Grandes actuaciones y la sapiencia a la que nos tiene acostumbrados Carlos Sorín hacen de este, un filme que entretiene inteligentemente.
Después de incursionar en películas donde los no actores se volvían imprescindibles y centrales en las narraciones elegidas, esas de historias pequeñas y humanas que lentamente fueron gastando el recurso (Historias mínimas, El perro y El camino de San Diego), y de un austero y algo fallido filme como La ventana, Carlos Sorín regresa al cine con un correcto ejercicio de género.
Luis (Luque) es un profesor universitario que comienza a padecer graves trastornos psicóticos que amenazan su estabilidad emocional y la integridad propia y la de sus allegados. Cree que un colega está interesado en robarle una investigación que viene trabajando hace tiempo y que intuye lo va a instalar en el mundo de la Academia y sospecha que su esposa Beatriz (Spelzini) lo está ayudando. Cuando la violencia se presente, Luis es internado en un neuropsiquiátrico. Con este prólogo es que ingresamos al mundo de esta burguesía que será el locus donde se desarrollará El gato desaparece. Luis a punto de ser dado de alta y Beatriz recibiéndolo de nuevo en el hogar conyugal.
La película es un thriller que cumple a rajatabla con todas las reglas y procedimientos del género. Así nos vemos envueltos en un angustioso y atrapante relato siguiendo los temores que primero le surgen a la protagonista y que lentamente se van tornando miedos más palpables y finalmente terrores atávicos. ¿Qué es la normalidad? ¿Qué es la locura? ¿Cuando se cruzan determinadas fronteras se puede regresar? ¿Adónde?

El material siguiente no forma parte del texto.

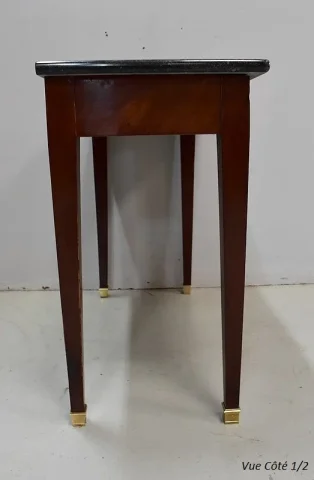 Petite Table Console en Placage de Ronce d’Acajou, goût Directoire – 1ère partie du XIXe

Como en una olla a presión pequeños e insignificantes detalles que antes podrían pasar inadvertidos ahora se vuelven sustanciales y preponderantes. De esos detalles se vale Sorín para atarnos a la butaca y crear personajes creíbles que van transformándose sutilmente ante nuestros ojos: extrañas actitudes, silencios, nuevas percepciones, cuelgues de atención y la presencia/ausencia del felino que algo parece presentir.

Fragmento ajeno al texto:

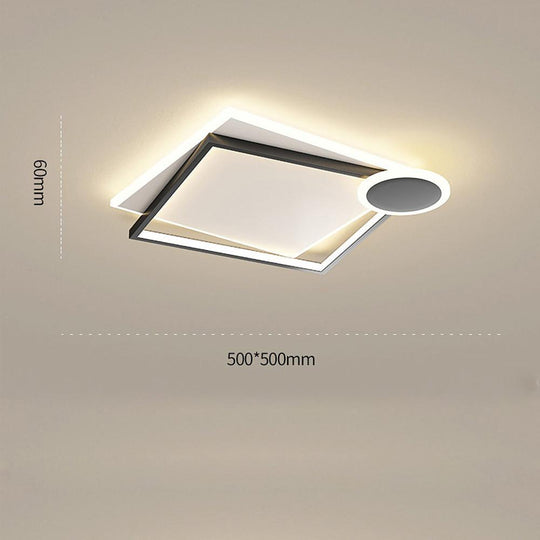 Squares & Circle Offset LED Flush Mount Ceiling Light – Modern Bedroom Fixture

Grandes actuaciones de los protagonistas y un elenco que acompaña sin fisuras, una banda sonora de Nicolás Sorín precisa y ajustada y la sapiencia a la que nos tiene acostumbrados el director hacen de El gato desaparece un filme que, -a pesar de cierto trazo grueso en la abrupta resolución, de una intriga que hace abuso de su minimalismo y de un exceso de corrección y esteticismo-, une lo clásico con lo popular y entretiene inteligentemente.